Sermon for the Annunciation

“Be it unto me according to thy word”

This text has carried us through Holy Week and Easter beginning with Palm Sunday . March 25th was Palm Sunday but that date is The Feast of the Annunciation , a feast of great significance for our understanding of the Christian Faith. It marks the conception of Christ in the womb of Mary through her ‘yes’ to God in response to the Angelic Salutation: “Hail Mary, full of grace, the Lord is with thee” and that she “shalt conceive in thy womb, and bring forth a Son, and shalt call his name Jesus.”

Nine months later, we celebrate Christ’s nativity, his birth at Bethlehem. But the conjunction of the Annunciation with Christ’s Passion is immensely significant and reminds us of the inescapable connection between Christmas and Easter , for his “Christmas Day and Good Friday are but the morning and the evening of one and the same day,” as John Donne notes, even as we have noted that Easter Day and The Octave Day of Easter , yesterday, are but the morning and the evening of one and the same day, the day of Resurrection.

But why the Annunciation on the Tuesday after Easter Week? Because the Passion and the Resurrection take utter priority. The Annunciation is for the sake of the Passion and the Resurrection; the meaning of the Incarnation is fully realised in the events that belong to the redemption of our humanity. As Luther, the father of Protestantism, and as Ignatius of Loyola, the founder of the Society of Jesus, the Jesuits, both understand, it is per Mariam ad Jesum , through Mary to Jesus. “Mary,” says Luther, “does not want us to come to Mary but through her to Jesus Christ.”

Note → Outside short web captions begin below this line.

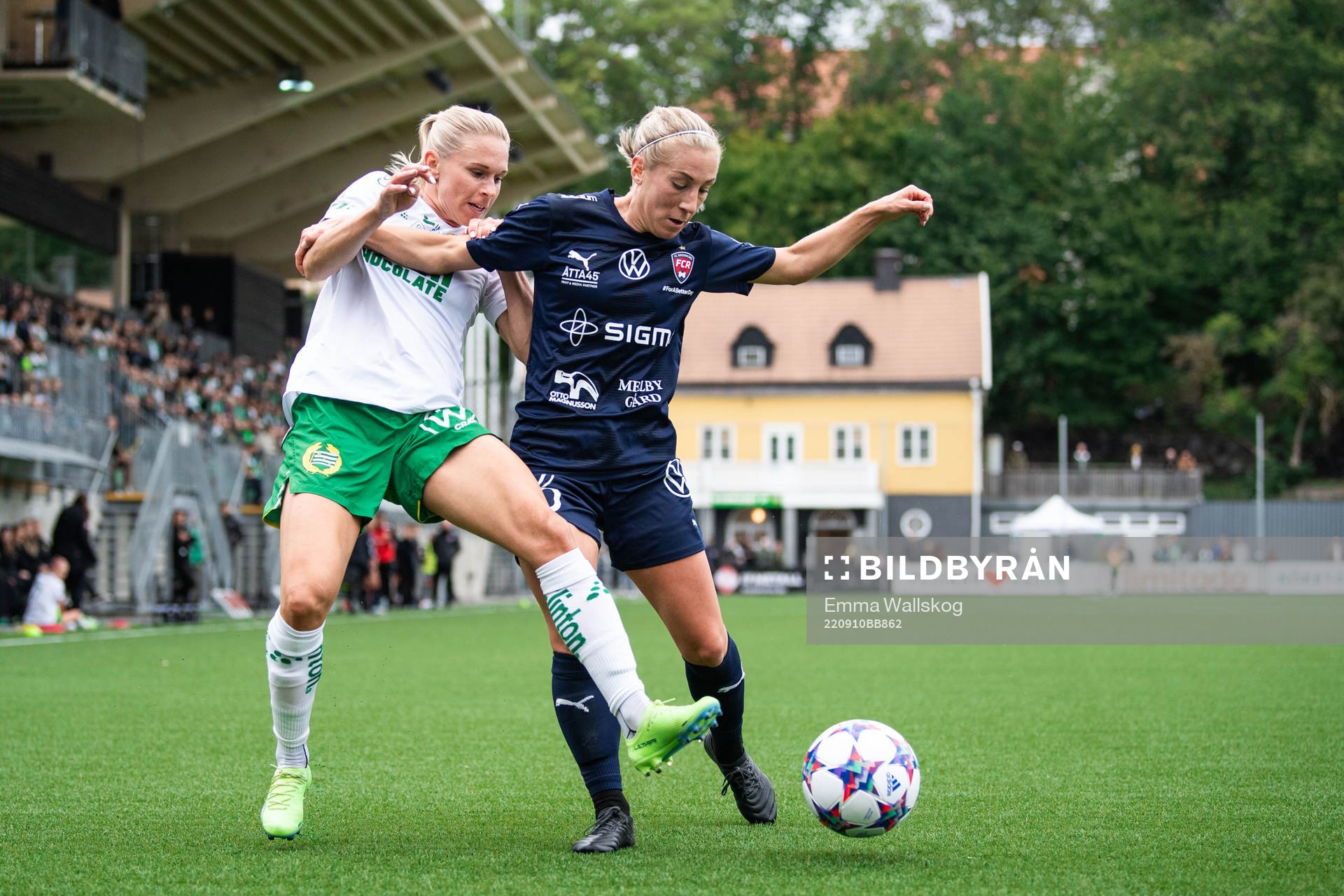 Hammarbys Jonna Andersson och FC Rosengårds Mia Persson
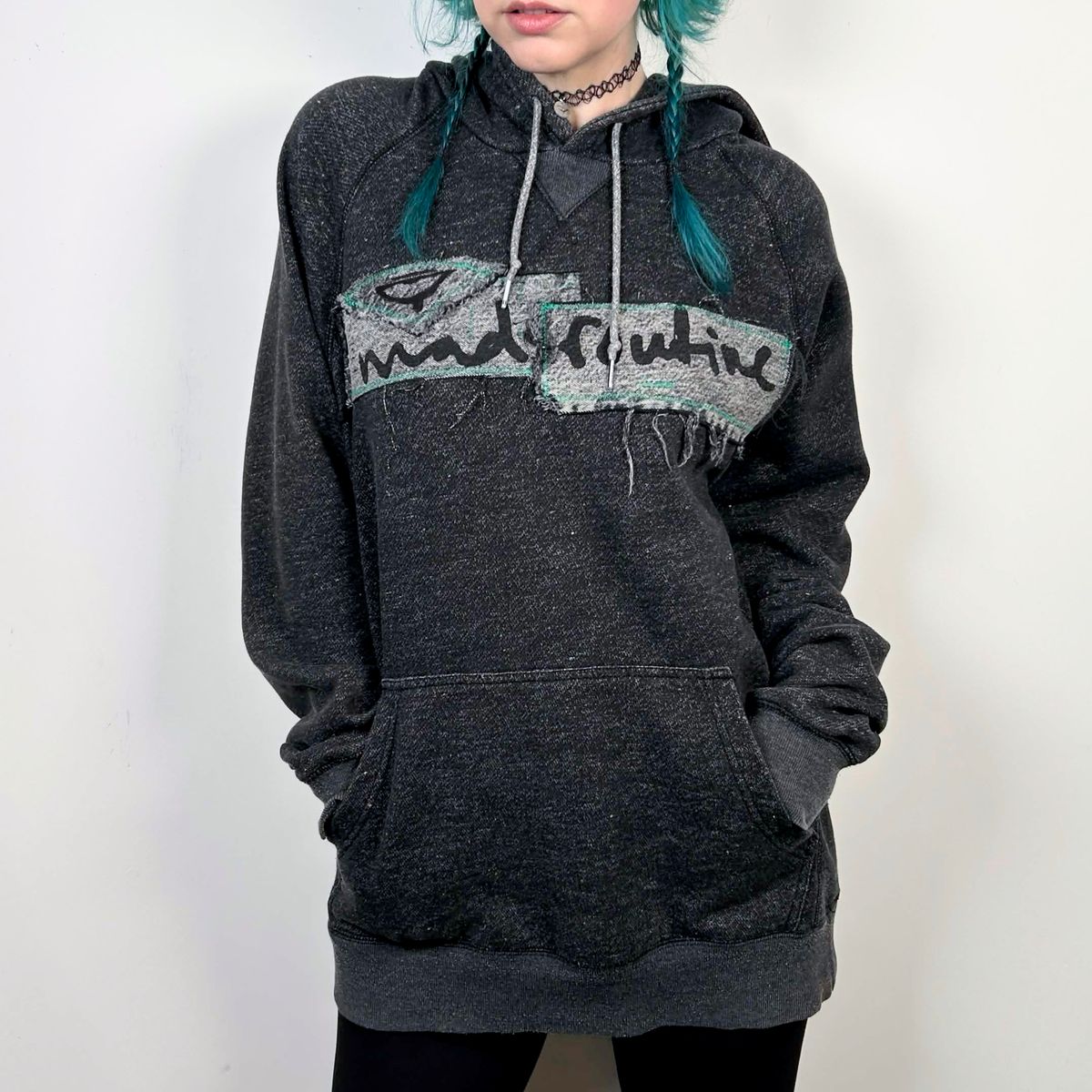 XL ★ EMO HOODIE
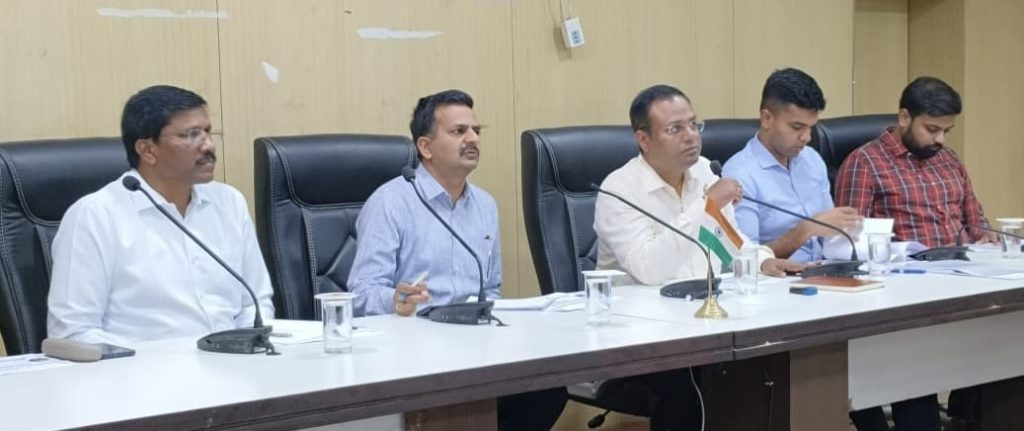 राजकीय पक्षांच्या खर्चावर आयोगाची नजर Commission to monitor expenditure of political parties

This brings us to the critical and important role of Mary in the work of human redemption. In contrast to Jesus as “just as man” in the musical Jesus Christ Superstar, Mary is at once just a woman and more than just a woman. She is the very exemplar and embodiment of our humanity considered in and of itself in its truth and purity. Why? And How? Why? Because of the logic of salvation. Christ cannot be the redeemer of humanity, wounded and broken as a result of sin, if he himself is a sinner. He becomes sin for us only by becoming fully human through the body he assumes from Mary. He does so to free us from all sin and all death. He is “like us in all respects save sin.” Sin after all is privative, a negative; it makes us less than ourselves. She, by extension, too, is understand in a number of theological traditions to be without sin for the sake of Christ’s pure humanity without which he cannot be our redeemer.